By Mike Raber, Board member of Bike Jeffco
There is a lot of misunderstanding about the recently passed amendment to the Colorado Safety Stop statute, so I am providing clarification.
The Colorado Bicycle Safety Stop law was enacted in 2019 as an opt-in statute for municipalities and counties to implement on a voluntary basis. The amended law changed the existing law effective statewide on April 13, 2022 when Governor Polis signed the bill. It has been shown to assist in reducing bicycle automobile collisions at intersections in those municipalities and counties where it was implemented. 8 states in addition to Colorado have adopted Safety Stop laws statewide with positive results for reducing collisions. Colorado State Patrol and Colorado Department of Highways statistics for the last several years document over 70% of bicycle & motor vehicle collisions happen at intersections. Collisions don’t happen between bicyclists and motor vehicles when bicyclists can cross an intersection when there is no traffic and it’s safe to proceed, this is what the 2019 statute provided for. Due to the confusion on where the 2019 statute was and was not adopted between municipalities and counties, the law was amended on April 13, 2022 to make it effective statewide to eliminate this confusion.
Additional pedestrian road crossing safety measures were added in this 2022 statute, but the bicycle provisions are basically the same as they were in the 2019 statute.
Here is the short version of what the law says regarding bicycles proceeding through a controlled intersection:
At red lights, a bicyclist must always come to a complete stop and stay stopped if traffic is present. A bicyclist can only proceed thought the red light after stopping if it is safe to proceed. This applies to right hand turns, proceeding straight through an intersection, or turning left onto a one-way street which goes left. A bicyclist cannot proceed through a red light when turning left at a standard intersection.
At stop signs a bicyclist must stop if traffic is present, then proceed when clear after stopping. A bicyclists can treat the stop sign as a yield sign and proceed through the intersection if no traffic is present and it is clear to continue without stopping. The cyclist’s speed riding though the stop sign should be 10 mph or less, but municipalities and counties can raise the ride-through speed up to 20 mph if they post signage indicating that at the intersection.

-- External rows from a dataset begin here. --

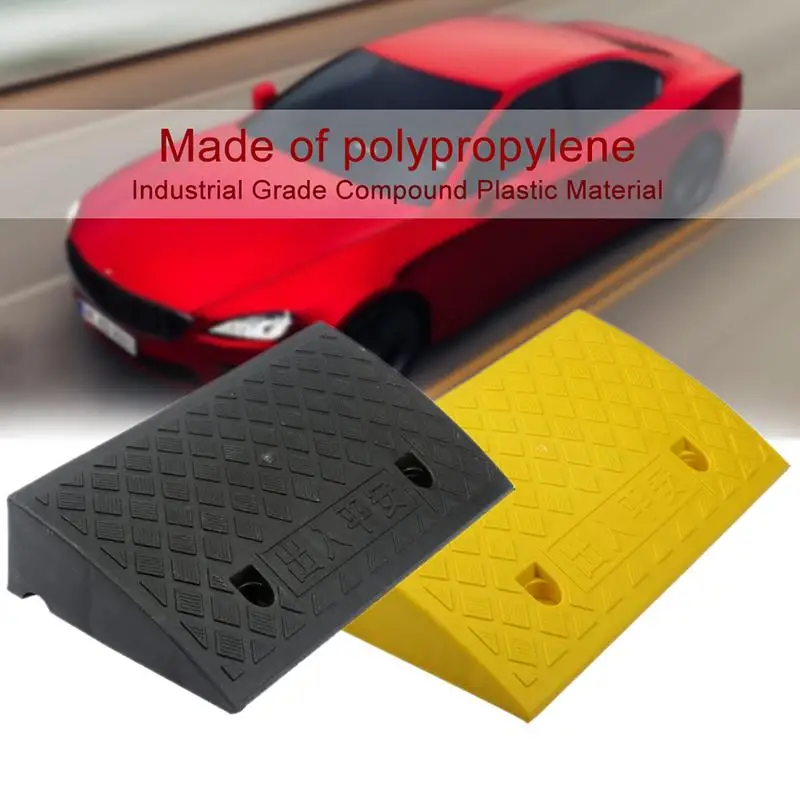 Curb Ramps Heavy-duty Portable PVC Lightweight Plastic Curb Ramps With Non-slip Surface For Driveway Loading Dock Sidewalk
Curb Ramps Heavy-duty Portable PVC Lightweight Plastic Curb Ramps With Non-slip Surface For Driveway Loading Dock Sidewalk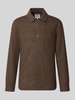 Lindbergh Regular Fit Jacke mit Woll-Anteil Schoko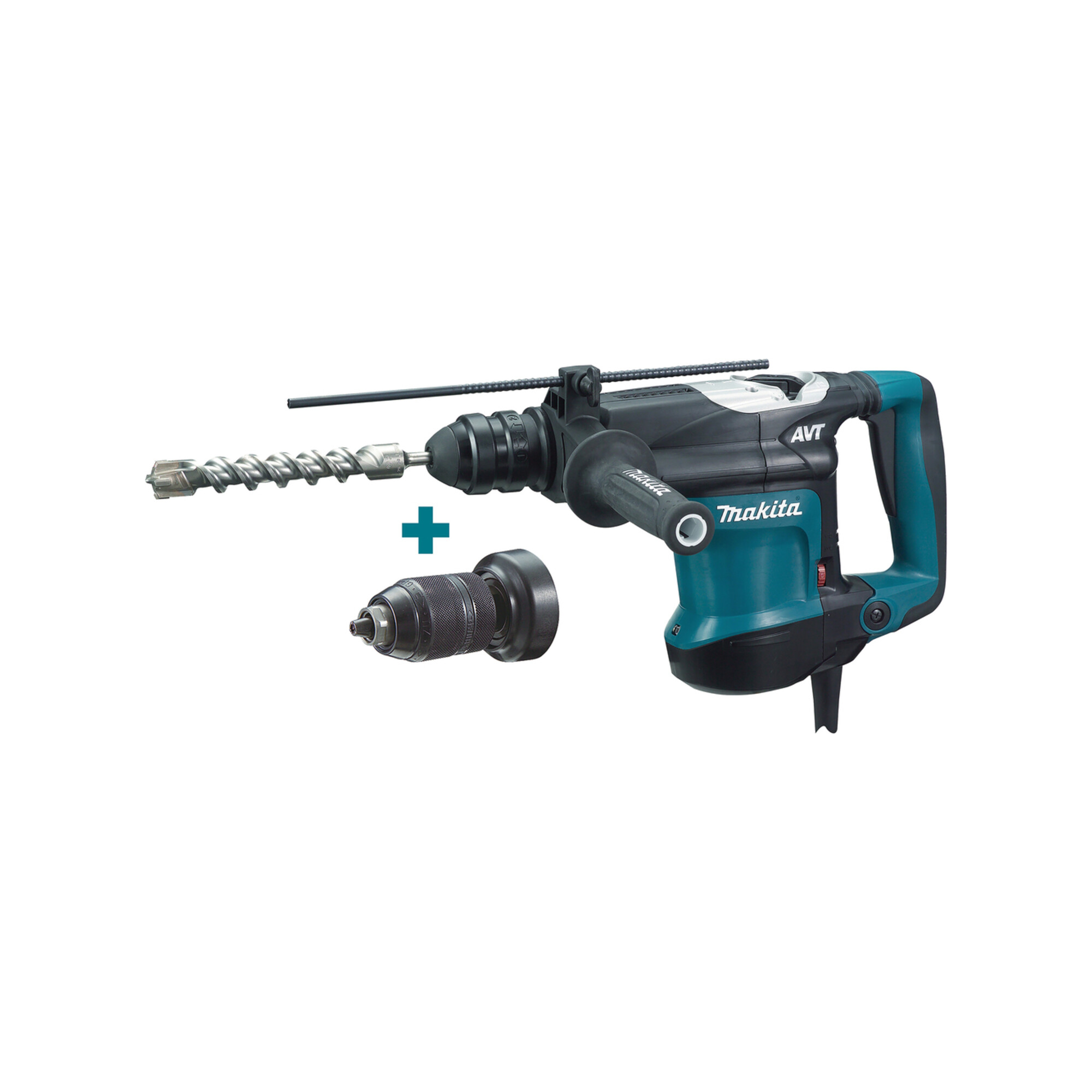 Makita SDS-Plus-Bohrhammer HR3210FCT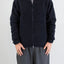 Felpa Universal Work Navy da Uomo 00018 wool fleece zip bomber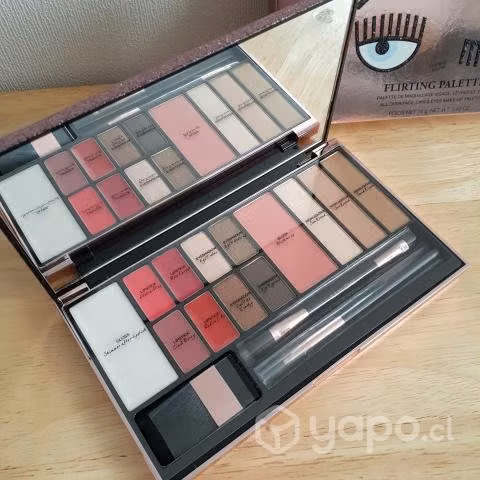 Paleta Lancôme x Chiara Ferragni NUEVA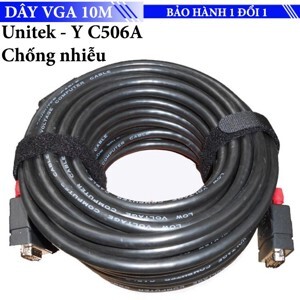 Cáp VGA Unitek YC 506A - 10 m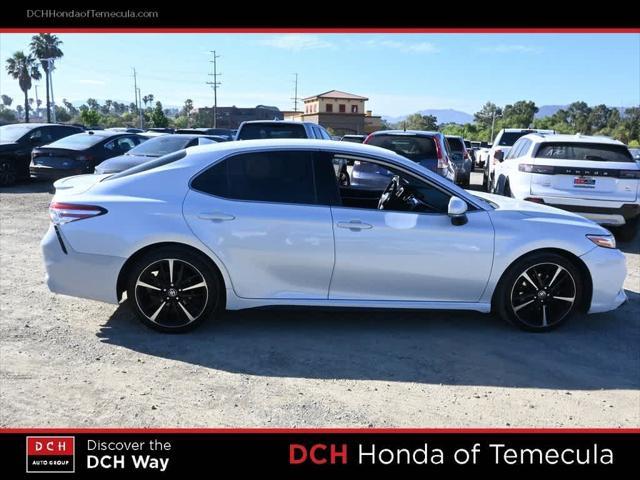 used 2020 Toyota Camry car, priced at $21,410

The Colorado Safety Stop law of 2019 and modified in 2022 took into consideration infrastructure issues on our roadways that do not accommodate bicycle transportation. There are hundreds of thousands of traffic signals that do not detect bicyclists and therefore do not change when appropriate. While these signals can be upgraded to detect bicyclists, the cost usually exceeds $20,000 per intersection and take months or years to implement, so upgrading traffic lights has not been a timely solution to the intersection collision problem.
Allowing stop signs to act as yield signs when no traffic is present complements the Quiet Streets initiative being adopted in many municipalities to encourage bicyclists to ride traffic quiet side streets rather than higher speed traffic streets. The challenge with cycling quiet side streets is that they usually have stop signs every two blocks which has been a discouragement to riding those routes prior to the Safety Stop statute being adopted. With the implementation of the Colorado Safety Stop statute, no stop signs need to be removed or changed, and bicyclists can cycle quiet streets while maintaining forward motion when no traffic is present.